First, I have to assume something about you and her. If she is crawling back to you hoping to wash away the stain of her sin by offering her only begotten womb to hang on the shaft of your cock, take her one more time. Keep the video camera running out of view while you are ripping apart her anus. Have bra and panties from another woman (purchased if necessary) lying strategically under your pillow for her to find during or after sex. When she has run crying out of your home, send a copy of the video to her parents with the words “A girl who was raised right” and a copy to the man with whom she cheated with the words “She loves you.” Go to a payphone in another city where you cannot be traced and call her employer, notifying them that she has been pilfering company property, and as you are a friend of another employee of that company who tipped you off (do some research and find out who her friends are where she works) you thought they should know.

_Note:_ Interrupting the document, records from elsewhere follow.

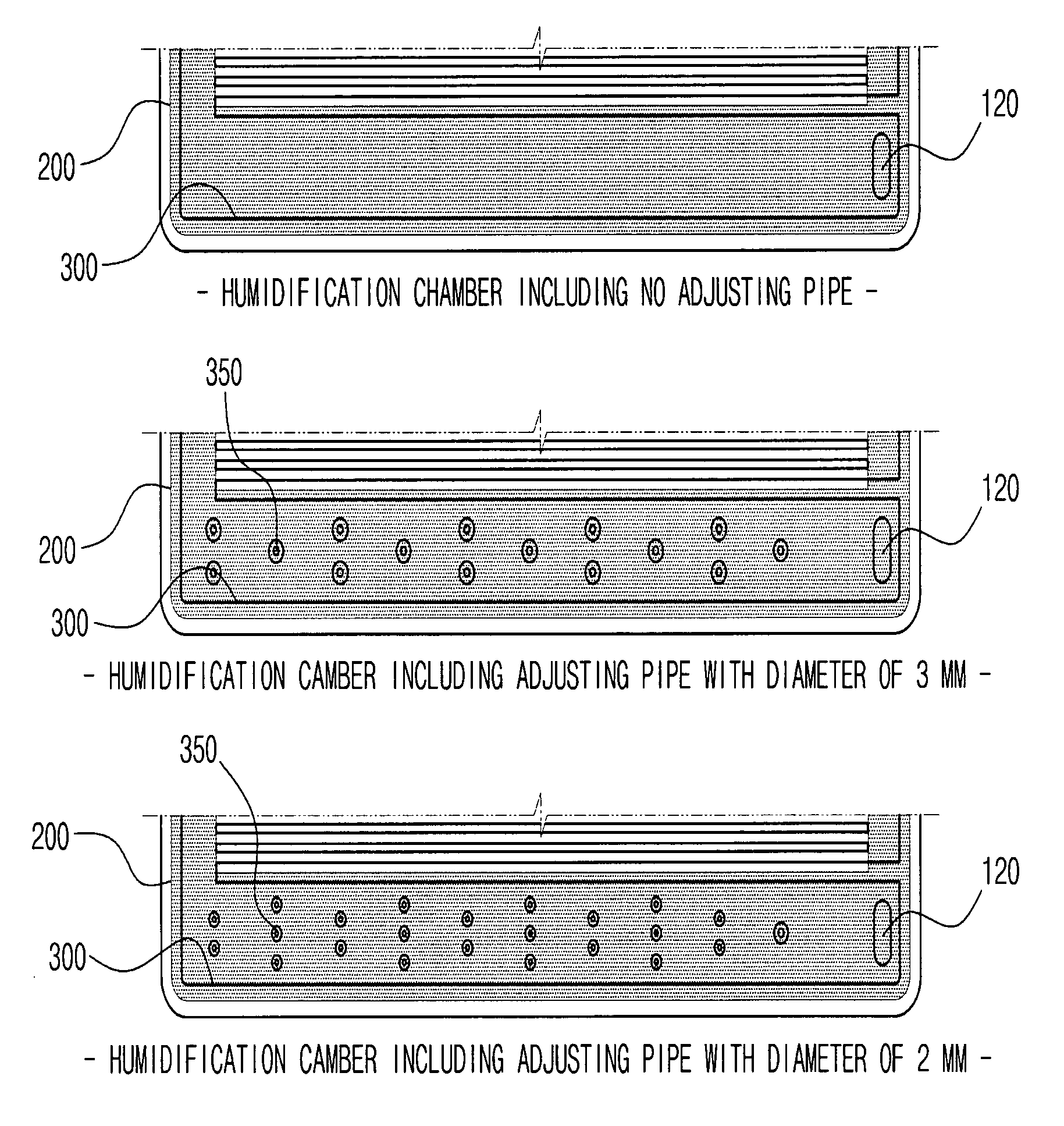 Fuel cell stack humidification device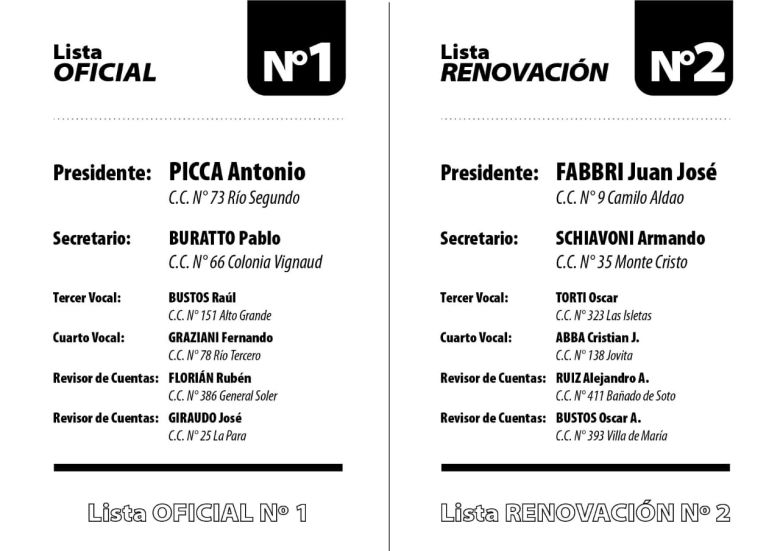 Este 2 marzo se define la nueva conducción de la Asociación de Consorcios Camineros de Córdoba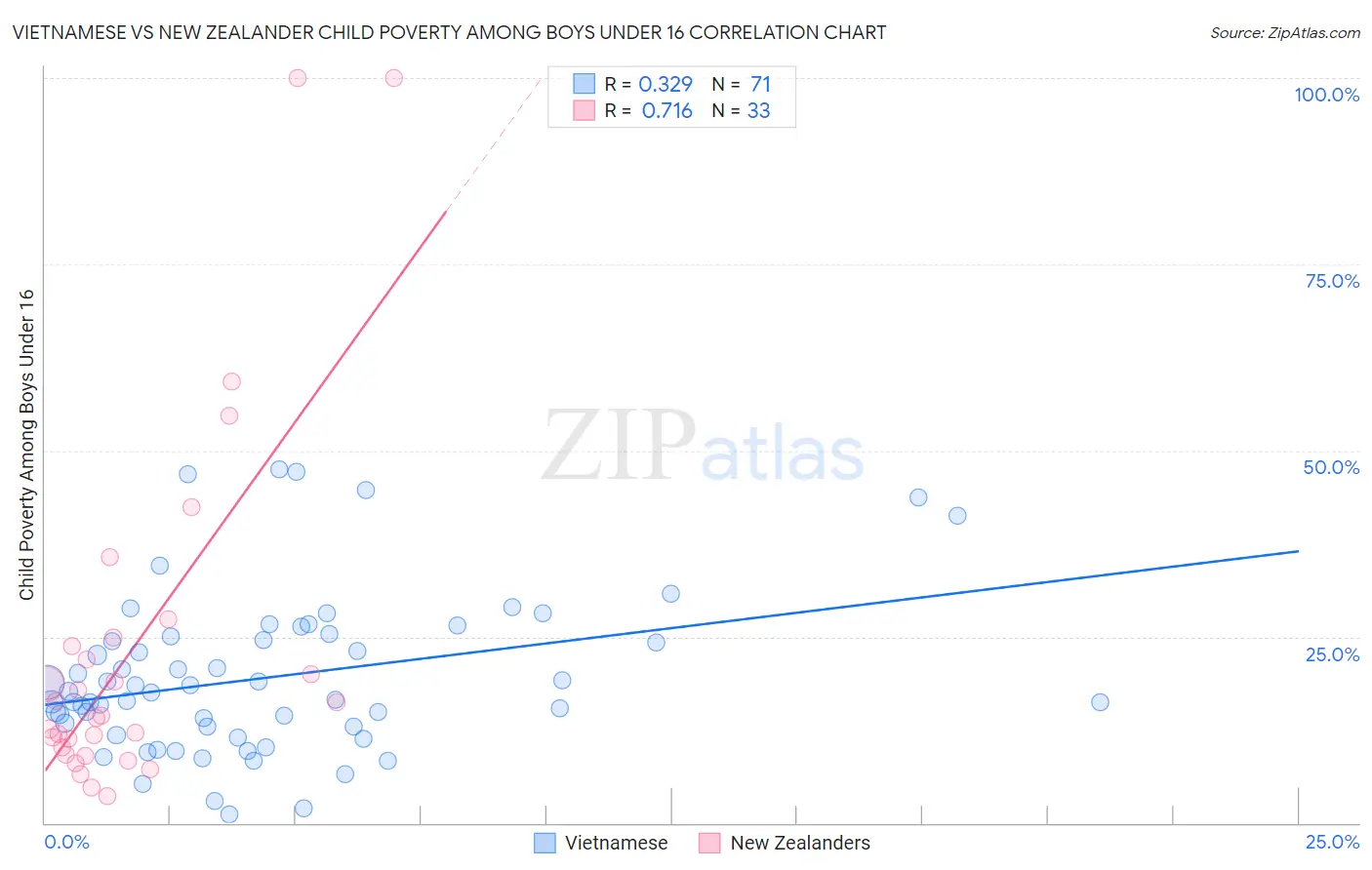Vietnamese vs New Zealander Child Poverty Among Boys Under 16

Tell human resources you must remain anonymous because the tip-off friend is worried that she (your girlfriend) has an explosive personality and might do something drastic.

If, on the other hand, she is not coming back for more sex, your options are more limited and you will have to do additional legwork to exact your vengeance. Do you have old sex vids of her in possession? Do what I wrote above. If you don’t have sex vids, find out if she is still seeing the guy she cheated with? If so, go to him in the spirit of two brothers meeting to discuss a family matter and offer him cash to make a lurid sex video of her and pass it on to you for public exposure. Your goal is to drag her reputation through the mud; girls live and breathe by their reps. If the new guy loves her, this tactic probably won’t be fruitful, unless you are willing to pay handsomely.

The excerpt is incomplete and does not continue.